_PROBLEM DETAILS_:
What you give must be the lines from the one containing "White Floral Patterned" through the last line of the listing below, exactly, with nothing else and no pictures.
---- SOURCE INFORMATION
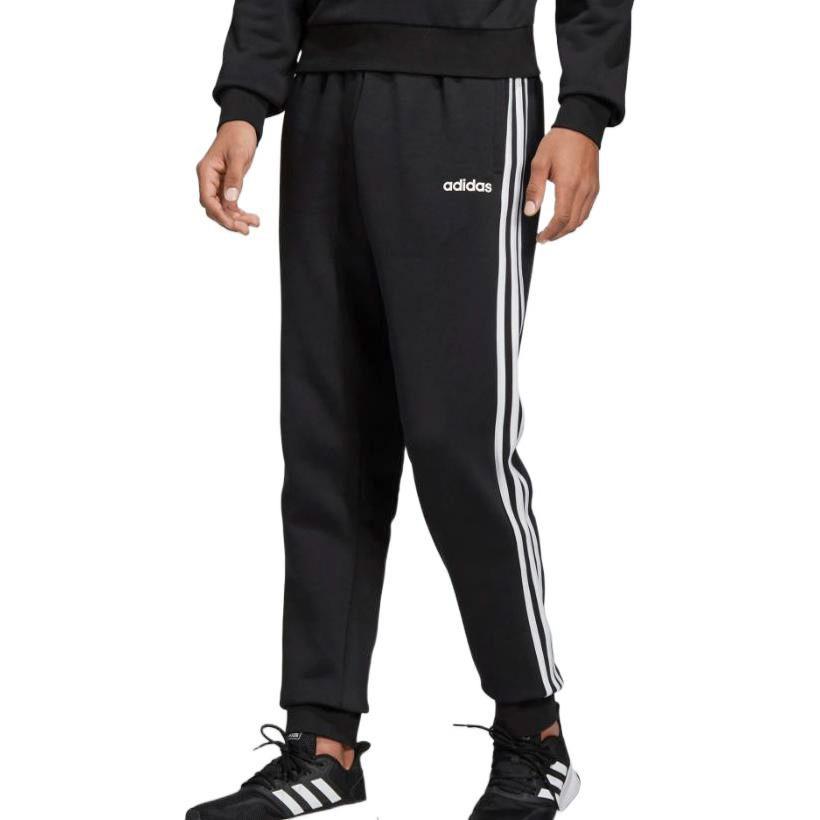 Adidas E 3S T Pnt FL Retro Sports Side 3 Pack Patterned Fleece Knitted Sweatpants Men's Black DQ3095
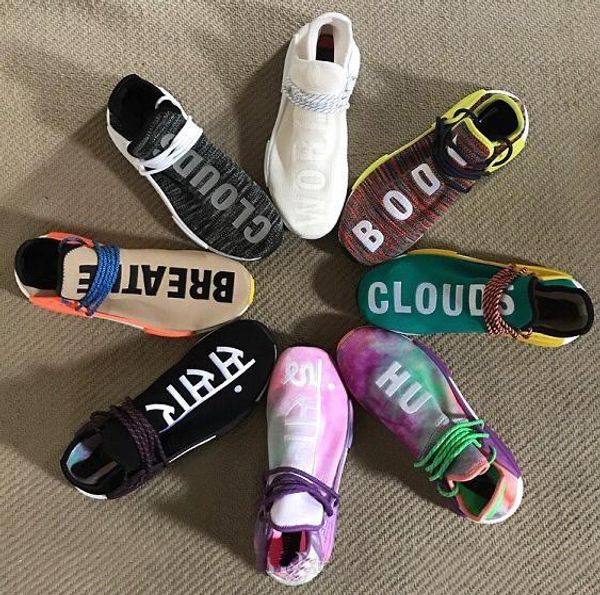 

2017 human race trail pharrell мужские женские кроссовки черный белый желтый красный nerd открытый спорт дизайнер кроссовки размер 36-45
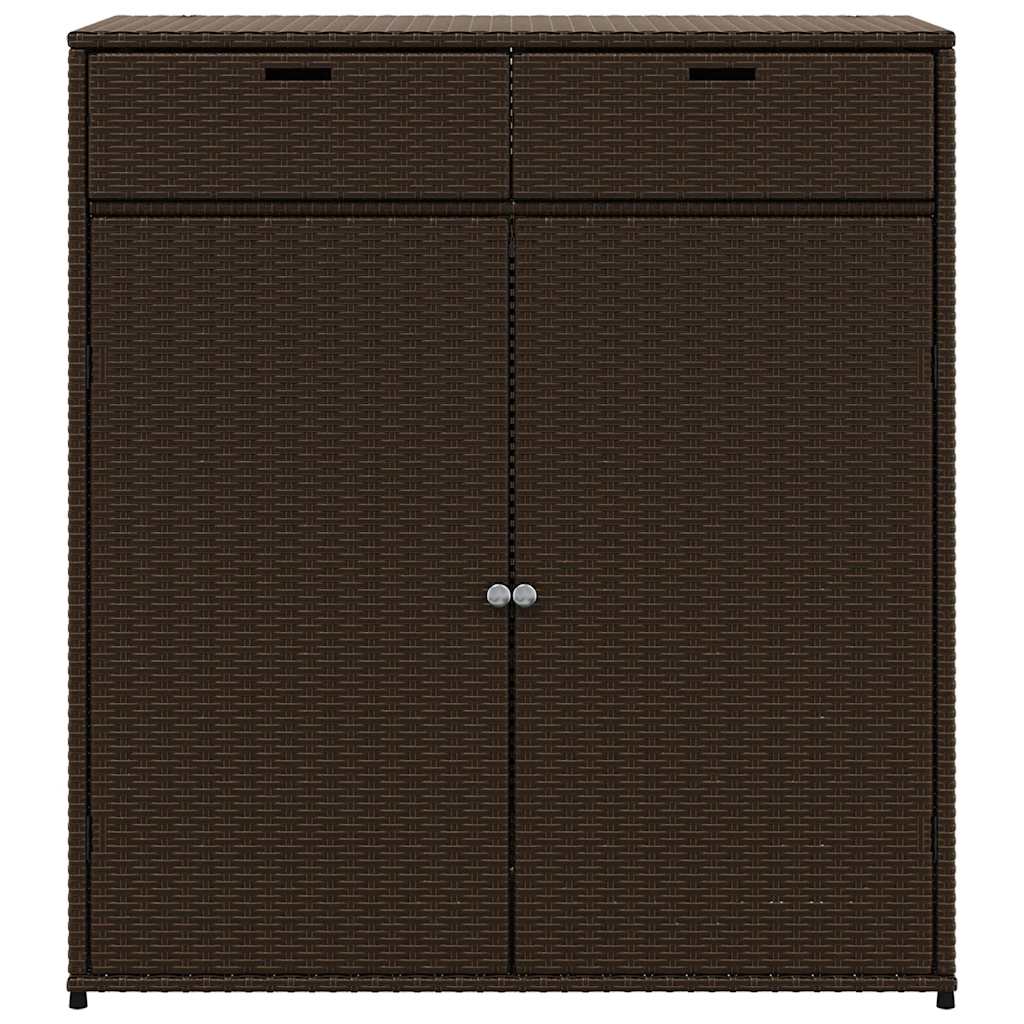 Gartenschrank Braun 105x55x113 cm Poly Rattan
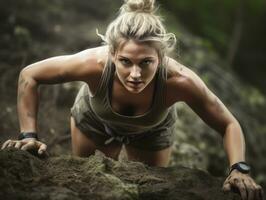 determinado mujer sube un escarpado montaña sendero ai generativo foto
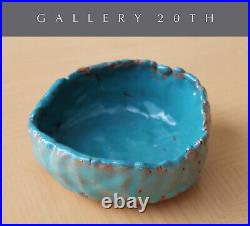 Nice! MID Century California Modern Pottery Bowl Blue Orig Art Sculpture Vtg 50s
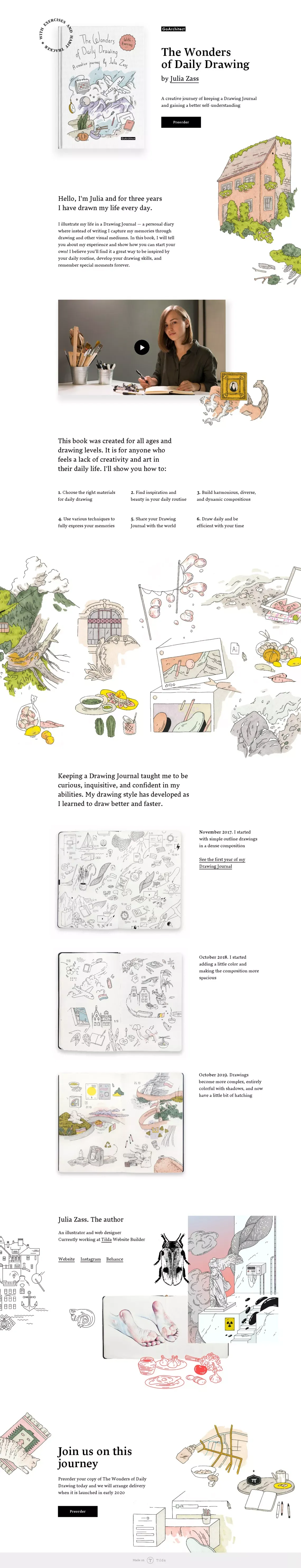 The Wonders of Daily Drawing - Landing design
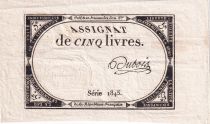 France 5 Livres  - 10 Brumaire Year II (31-10-1793) - Sign Dubois - Serial 1845 - P. A.76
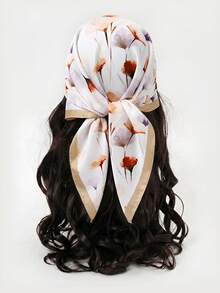 1 pieza Pañuelo casual de poliéster con estampado floral, accesorio decorativo versátil para todas las estaciones - 1# Caqui claro - Ver 1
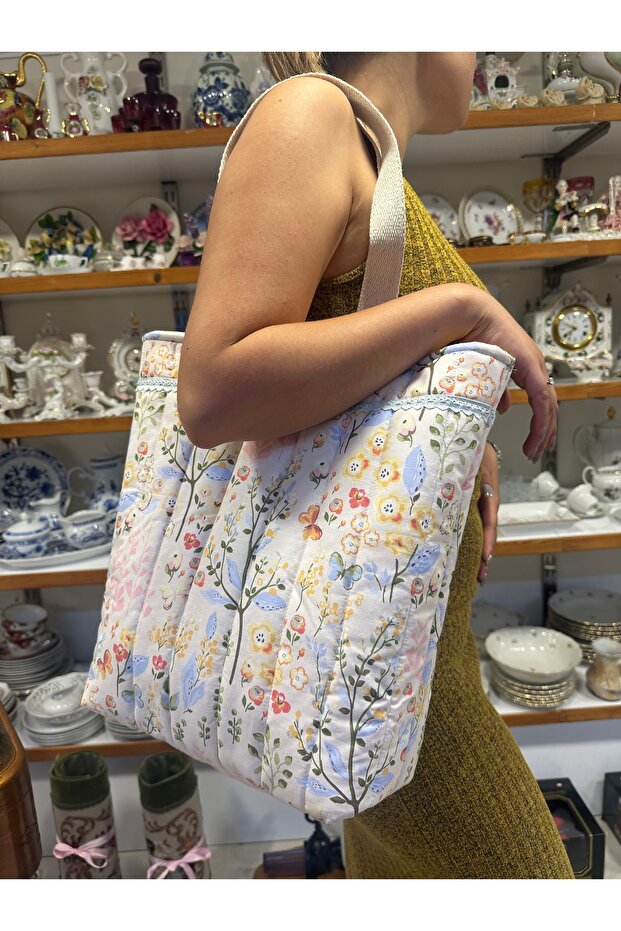 White Floral Patterned Lace Thermos Bag Handmade Bag Handbag Picnic Bag Large Size 100% Cotton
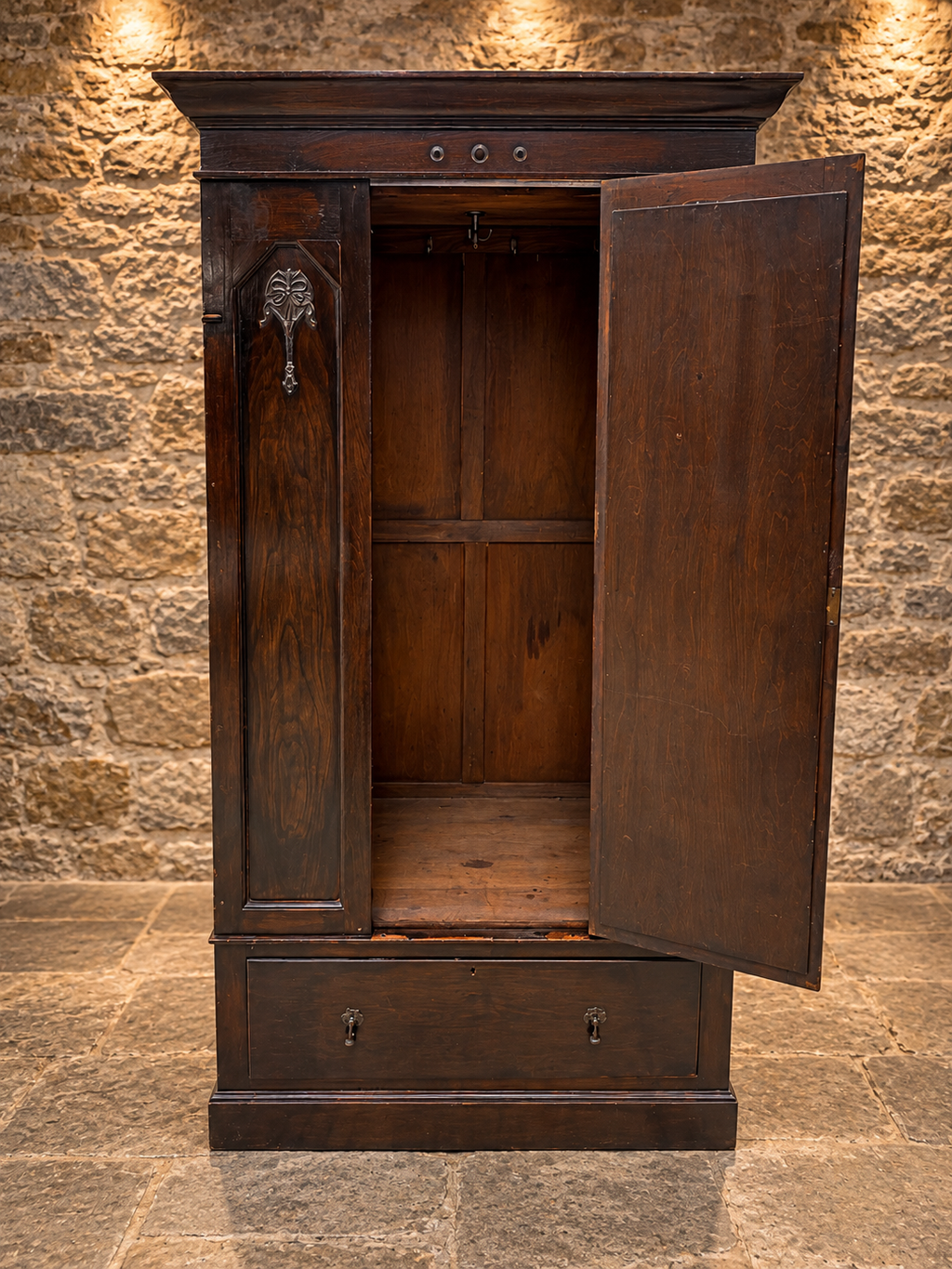 Antique Dark Oak Mirrored Wardrobe – Late Victorian / Edwardian c.1900
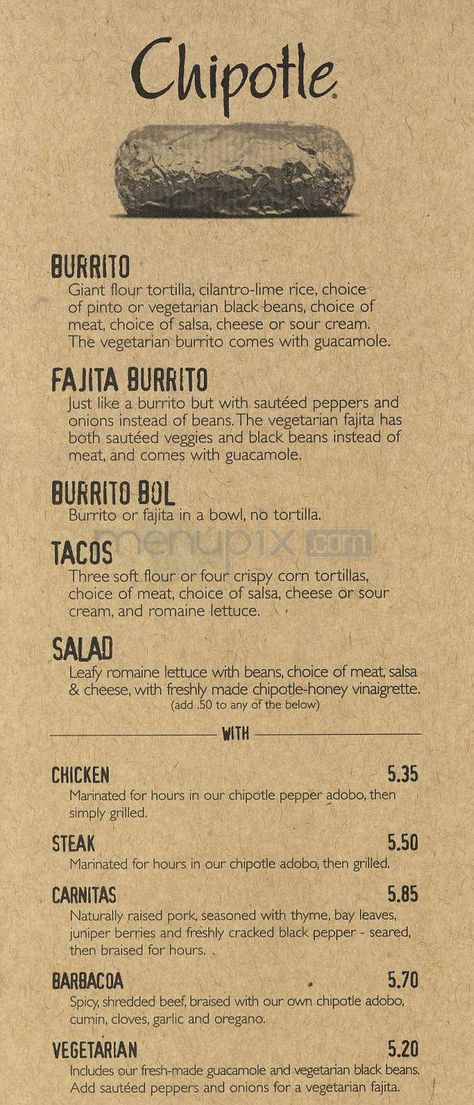 Chipotle Menu, Vegetarian Burrito, Menu Pdf, Sauteed Peppers And Onions, Printable Menu, Cilantro Lime Rice, Sauteed Veggies, Corn Tortillas, Romaine Lettuce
--------
_SOLUTION BELOW_:
 White Floral Patterned Lace Thermos Bag Handmade Bag Handbag Picnic Bag Large Size 100% Cotton
 Antique Dark Oak Mirrored Wardrobe – Late Victorian / Edwardian c.1900
 Chipotle Menu, Vegetarian Burrito, Menu Pdf, Sauteed Peppers And Onions, Printable Menu, Cilantro Lime Rice, Sauteed Veggies, Corn Tortillas, Romaine Lettuce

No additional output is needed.